(Your objective):
In the records below, find the line containing "Thalassian Rifle.png" and repeat it and every line after it exactly, without pictures.

Pictures with short captions:
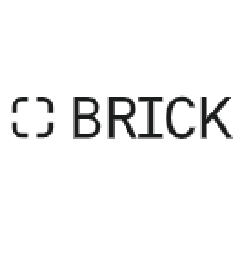 Brick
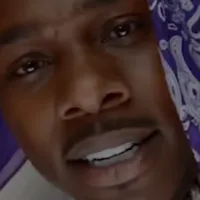 original sound - tisguyagain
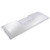 Genuine Beko BZ30, BZ31 Type Freezer Basket Drawer Front (C00864356) Genuine Beko BZ30, BZ31 Type Freezer Basket Drawer Front (C00864356)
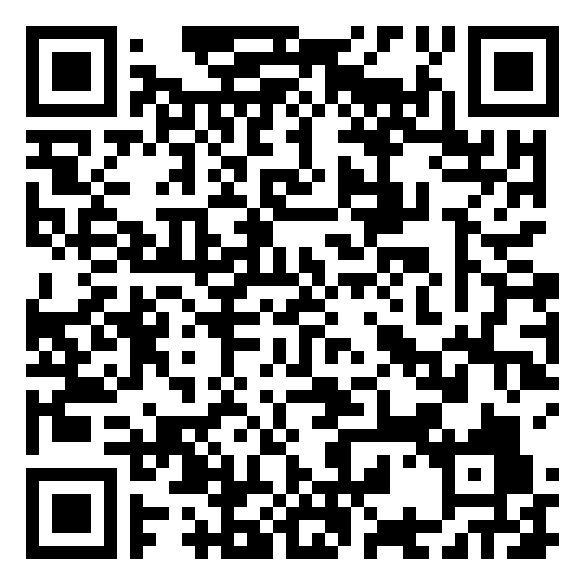 kod QR z danymi kontaktowymi 36094071500000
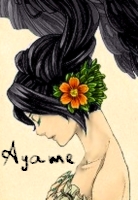 Ayame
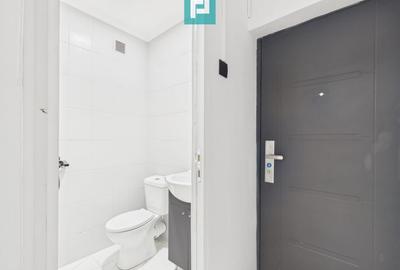 Garsonieră cocheta Cartier Aurel Vlaicu - 9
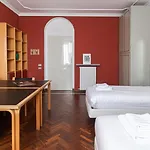 Italianway Comfort - Bligny 26 * Μιλάνο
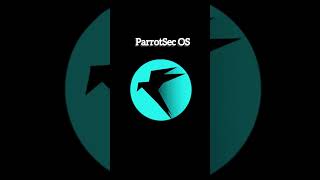 Top 5 OS for Ethical Hacking in 2025 | Best Hacking Linux Distros #shorts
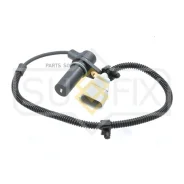 ������ ��������� ����������� ���� Sufix IL1247 IL1247 ����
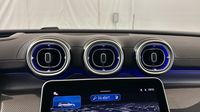 Mercedes Classe C Break 300 e 204+129ch AMG Line — photo 26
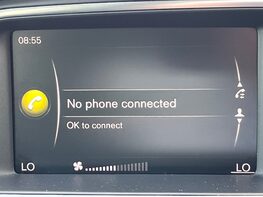 Volvo V40 T2 MOMENTUM NAV PLUS 34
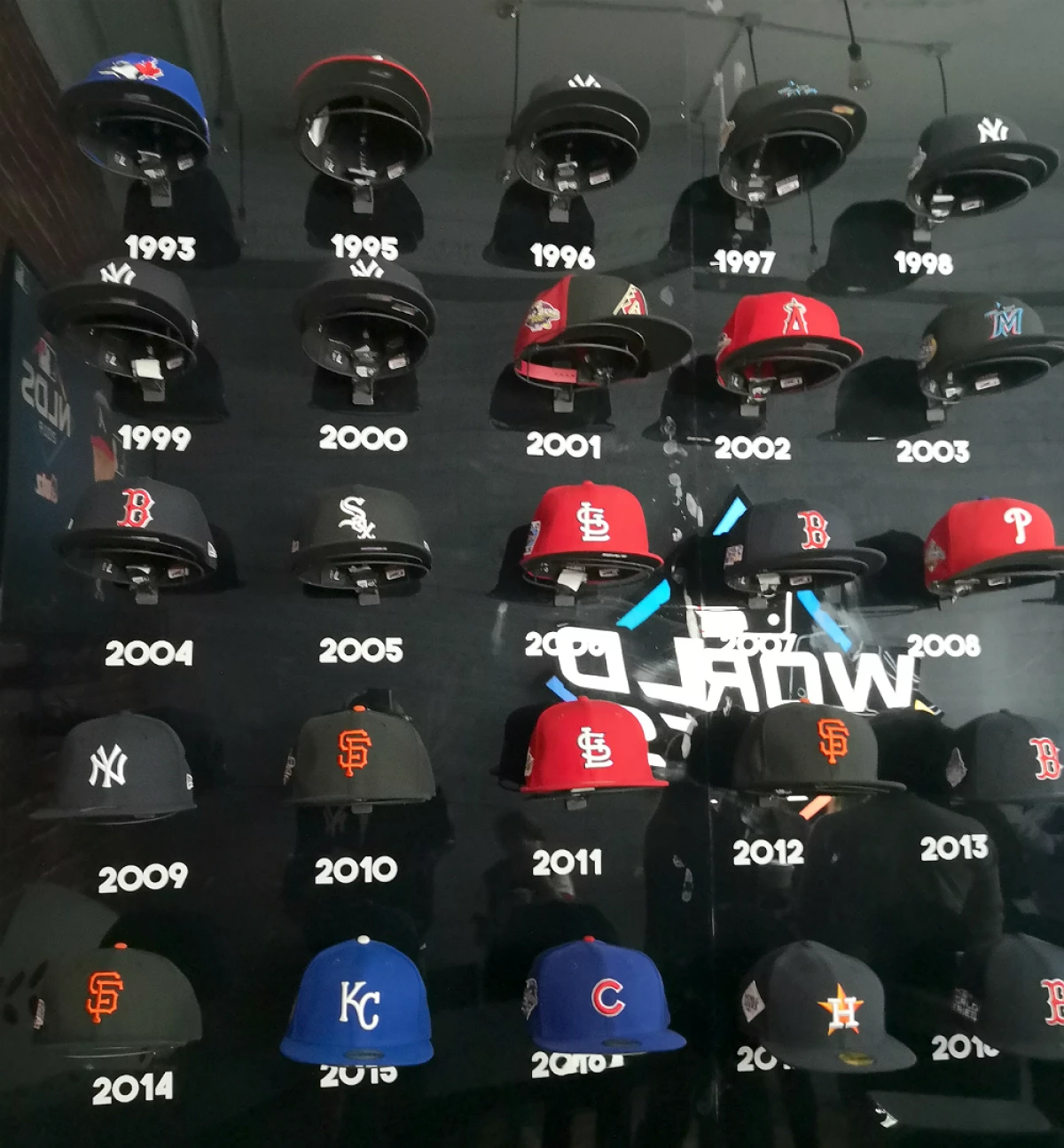 MLB Home 2.jpg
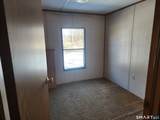 216 Angel Road - Photo 9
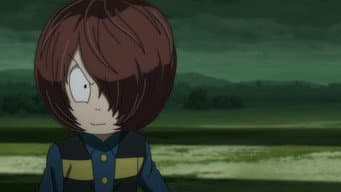 Episódio 43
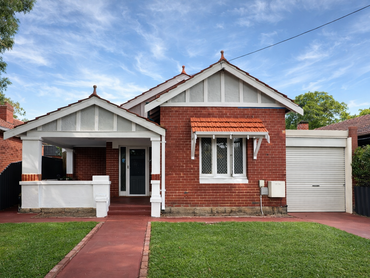 15 Gwenyfred Road, 15 Gwenyfred Road, WA property photo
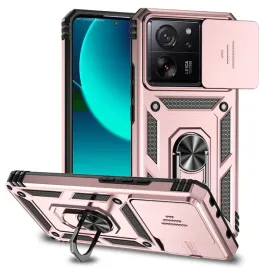 etui-pancerne-cover-ring-futeral-nakladka-obudowa-do-xiaomi-13t-13t-pro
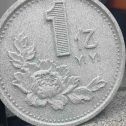 贵阳 芝麻白异型加工雕刻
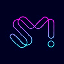 SmartMall (SMT)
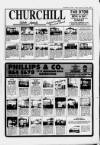 Middlesex County Times Friday 22 January 1988 Page 79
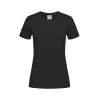 Tricou damă Stedman Classic-T Fitted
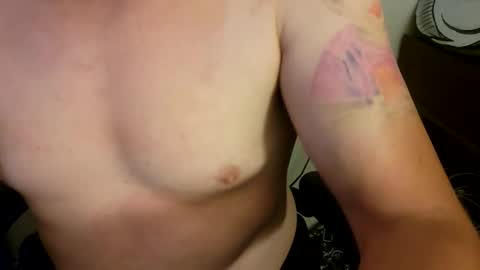 Snapshot of sexy_cayden chatting on 05-26-26, 07:26 Cayden online show from 05-26-26, 07:26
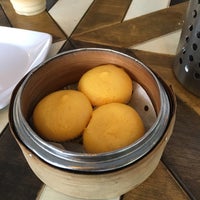 Poppo Kanteen Jalan Pandan Indah 4 2 Kuala Lumpur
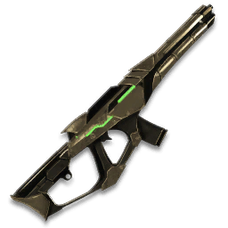 Thalassian Rifle.png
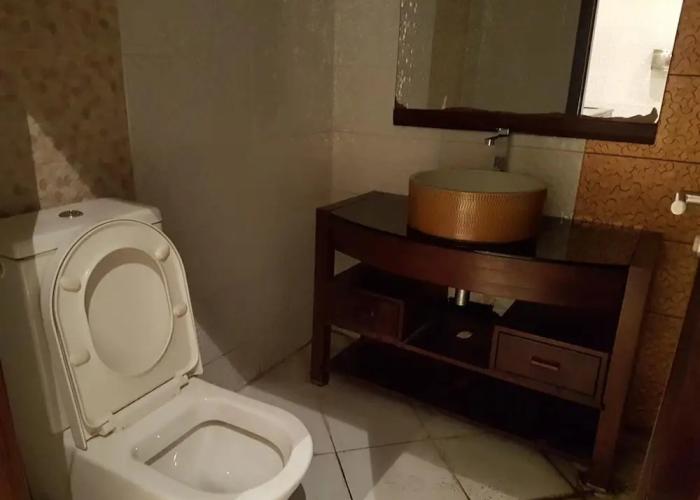Magic Suite Al Mahboula - 2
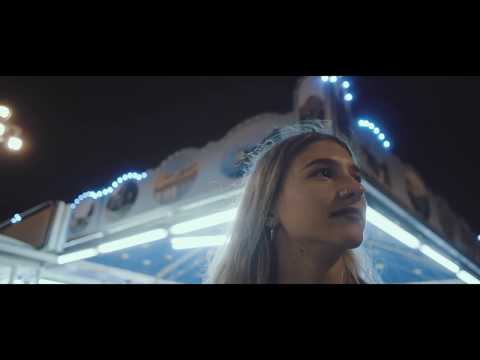 ROMEA - Madrugada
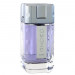 Купить Мужская парфюмерная вода Ajmal Amaze for Men: в интернет магазин aroma-online.ru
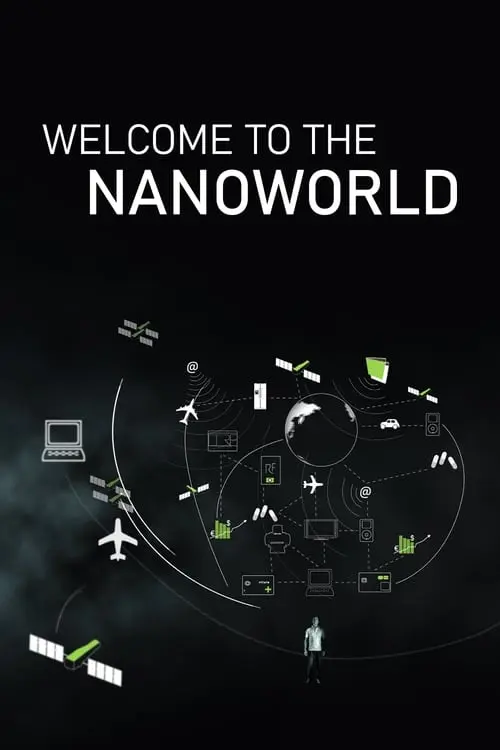 Welcome to the Nanoworld!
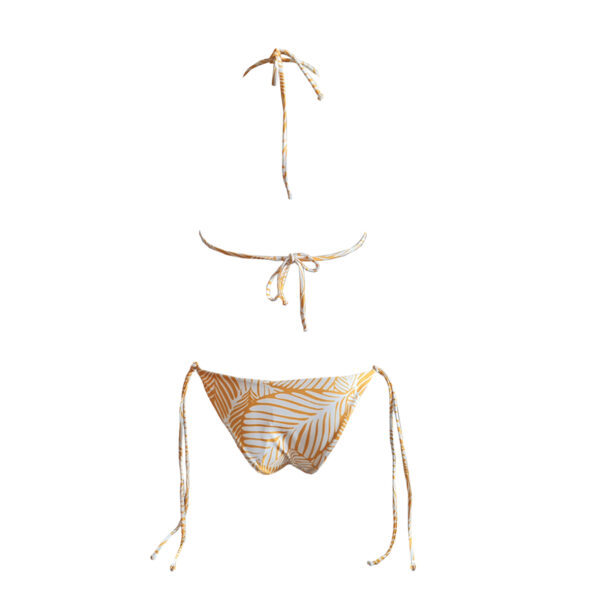 LAS TERRENAS - immagine 3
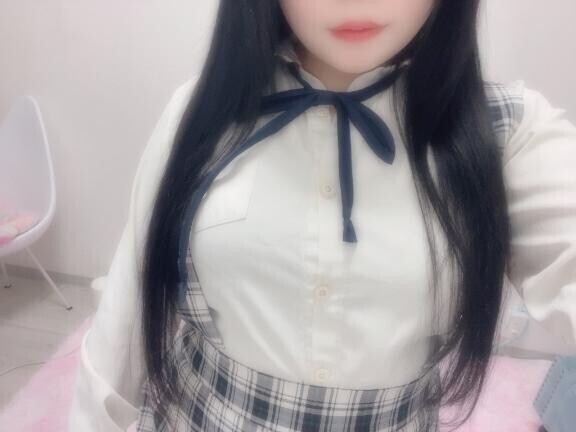 明日から急遽??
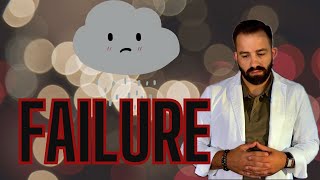 Embracing Failure in Acupuncture [upl. by Haskel]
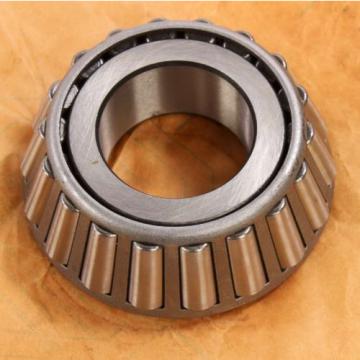 New HM804840  Tapered Roller Bearing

(Output for this task):
 Thalassian Rifle.png
Magic Suite Al Mahboula - 2
 ROMEA - Madrugada
 Купить Мужская парфюмерная вода Ajmal Amaze for Men: в интернет магазин aroma-online.ru
 Welcome to the Nanoworld!
 LAS TERRENAS - immagine 3
 明日から急遽??
 Embracing Failure in Acupuncture [upl. by Haskel]
 New HM804840  Tapered Roller Bearing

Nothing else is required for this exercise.